12.RICE BY CHEMMANAM CHACKO
‘Rice’ is a poem in Malayalam written by Chemmanam Chacko and translated into English by Prof. K. Ayyappa Paniker. In the first half of the poem, the poet tells about his expectation of events that may happen when he goes to his house after four years. In the beginning, the poet tells that after four years doing research in North India, he is coming back to the native place which is in Kerala. He got research when he proved that through the husk, one could make toys. Now he is in a train. He is eager to eat a meal of athikira rice because he is fed up with chapaties.Now the poet gives the images of his father, little brother and mother and their response when he reaches his home. In his imagination, his father will be wearing a handloom dhoti which is blemished with yellow mud. He will be very happy that water is coming from Varanganal canal.
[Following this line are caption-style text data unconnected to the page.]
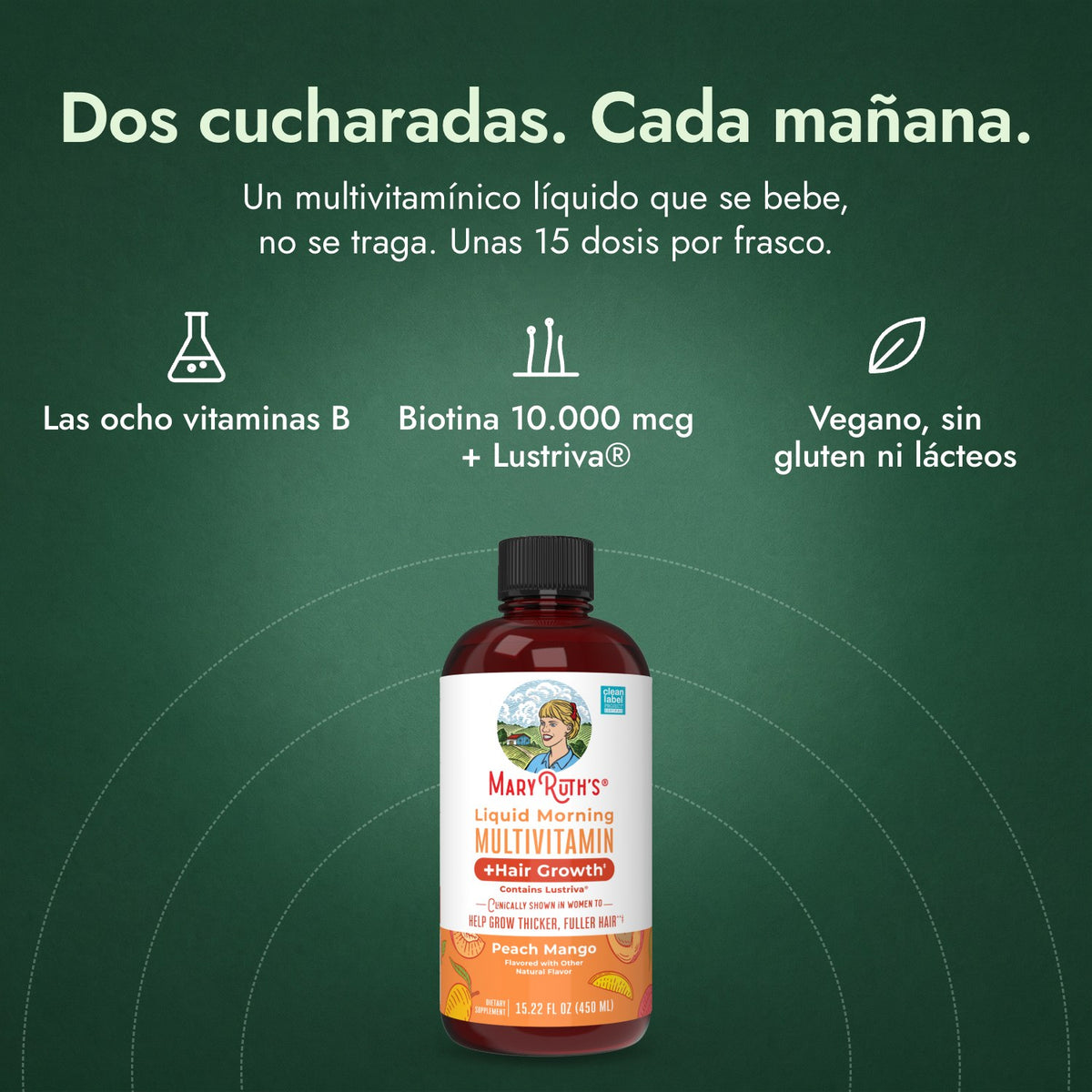 MaryRuth's Liquid Morning Multivitamin + Hair Growth: Dos cucharadas. Cada mañana. Las ocho vitaminas B, Biotina 10.000 mcg + Lustriva®, Vegano, sin gluten ni lácteos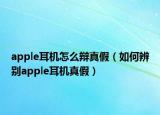 apple耳机怎么辩真假（如何辨别apple耳机真假）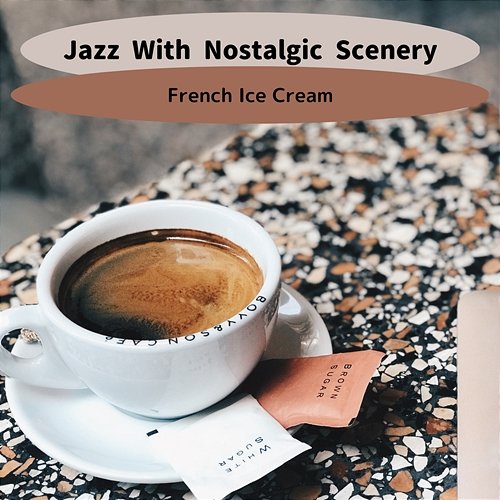 Jazz with Nostalgic Scenery French Ice Cream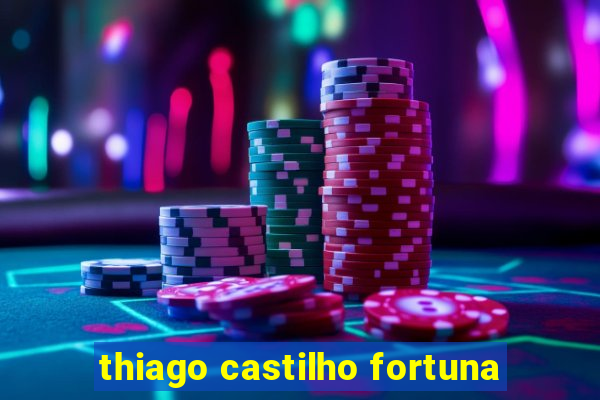 thiago castilho fortuna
The poet assumes that his father will see him from far and his father and would ask when he had started from there .Father would be busy in field and would be ploughing the field with oxen as it is planting season.
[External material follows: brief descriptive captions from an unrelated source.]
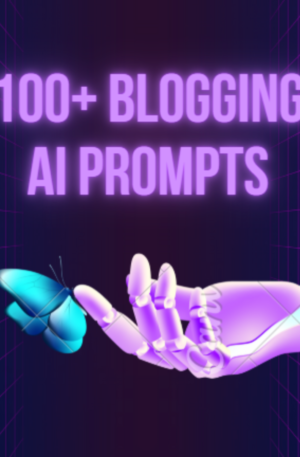 100+ AI Prompts for Blogging – Digital Download (PDF + HTML)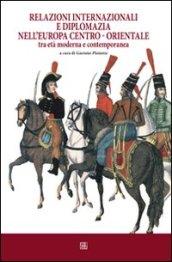 Relazioni internazionali e diplomazia nell'Europa centro-orientale tra età moderna e contemporanea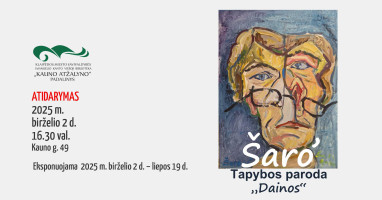 Šarūno Matijošaičio (Šaro‘) tapybos parodos „Dainos“ atidarymas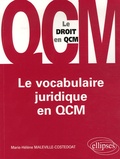 Marie-Hélène Maleville-Costedoat - Le vocabulaire juridique en QCM.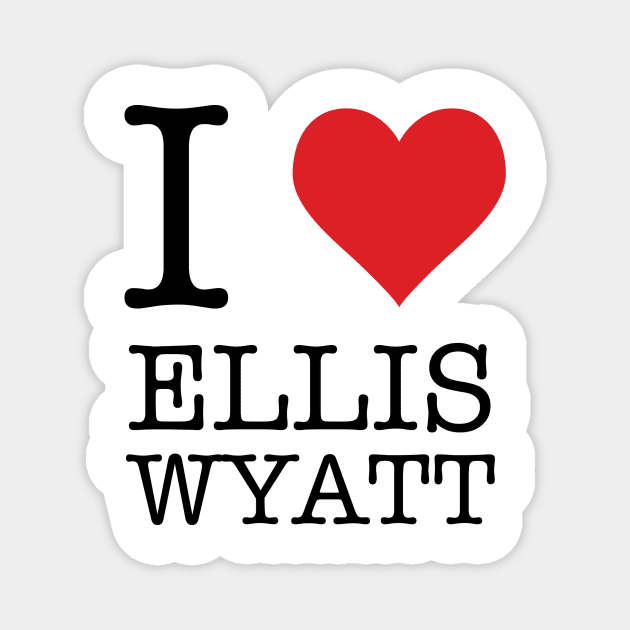 I Heart Ellis Wyatt Magnet by Woah_Jonny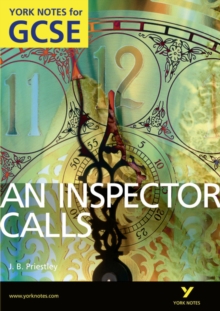 An Inspector Calls: York Notes for GCSE (Grades A*-G), Paperback Book An Inspector Calls: York Notes for GCSE (Grades A*-G), Paperback Book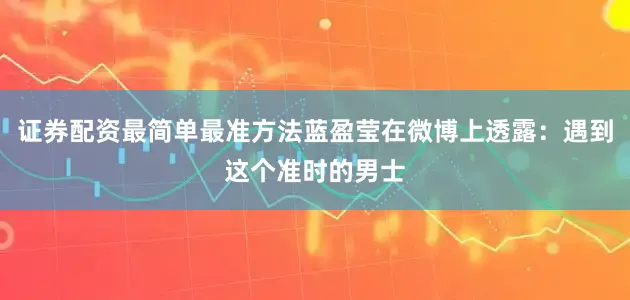 证券配资最简单最准方法蓝盈莹在微博上透露：遇到这个准时的男士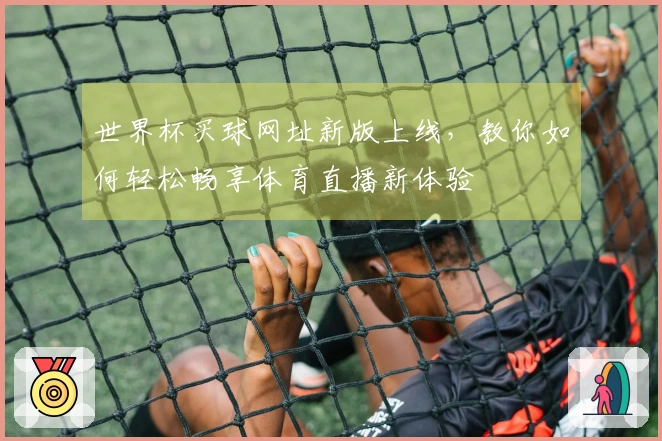 世界杯买球网址新版上线，教你如何轻松畅享体育直播新体验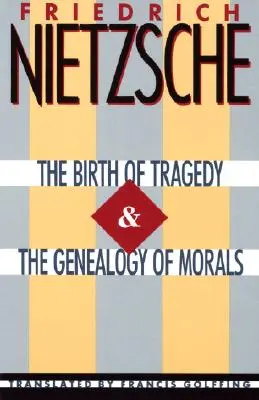 Die Geburt der Tragödie & die Genealogie der Sitten - The Birth of Tragedy & the Genealogy of Morals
Seeing the poet, his little brother would happily run towards him with tender saplings of paddy which has to be planted in the paddy field. His little brother would intimate his mother that he had arrived .
The poet then imagines that in order to reach his house which is beside the paddy field, he has to walk through the paddy field. In his imagination, he is walking very carefully along the dyke so that he will not damage the baskets full of seed. While he is on the way to his home, his mother will be separating rice soup from rice. Imagining all these, he wants to reach his home as far as possible.
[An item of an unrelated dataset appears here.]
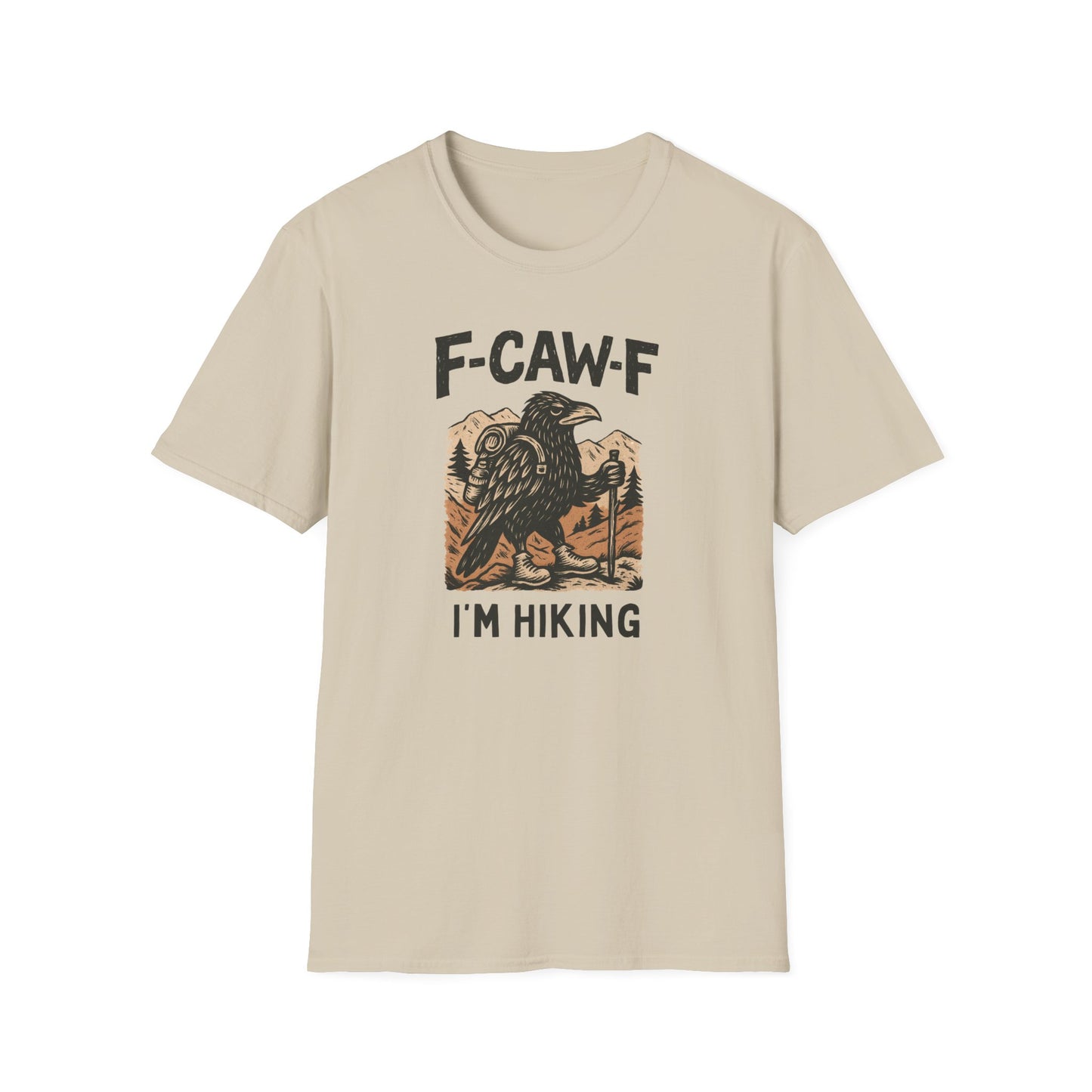 F-Caw-F I'm Hiking T-shirt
In the second section, the poet sees the changes that have happened when he reaches his native place. When he left his place, there were only palm-thatched houses. Now instead of palm-thatched houses, there are only trees. Also, there are rubber plants everywhere which are twice than his height. These rubber plants replace ‘modan and vellaran’, varieties of paddy. Now he has confusion about whether he has taken the wrong path.
Now the poet has reached the house. Four years back, there was a paddy field adjacent to his house. So he expects that he can hear the shouts of workers who are engaged in ploughing. Unfortunately, he cannot hear such shouts. He gets a shock. To his dismay, he sees areca nut palms in that field. Also, there are deal wood trees on either side of the canal.
Finally, the poet enters his house. His father is observing a worker fixing up the rubber sheet making the machine. His father informs that he has shifted to a commercial plantation because there is no profit in paddy cultivation. Father stated that only a few people are cultivating paddy in their fields. Beyond that, Government is providing rice to people in the name of the ration.
At that time, the poet’s little brother arrives. Seeing his brother, the poet yearns to have a full meal of athikira rice. But he is shocked to see the wheat ration spilling on the floor. While the poet observes these changes, he hears the sound of the aeroplane which he describes as the “ship of the sky”. He says that the Chief Minister of Kerala might have gone to the centre for requesting more rice. He sarcastically comments that the Chief Minister is passing above the cash crops which have destroyed the paddy cultivation in Kerala.
As the poem ends, the poet sarcastically asks a question whether the Centre will give him husk to make toys too.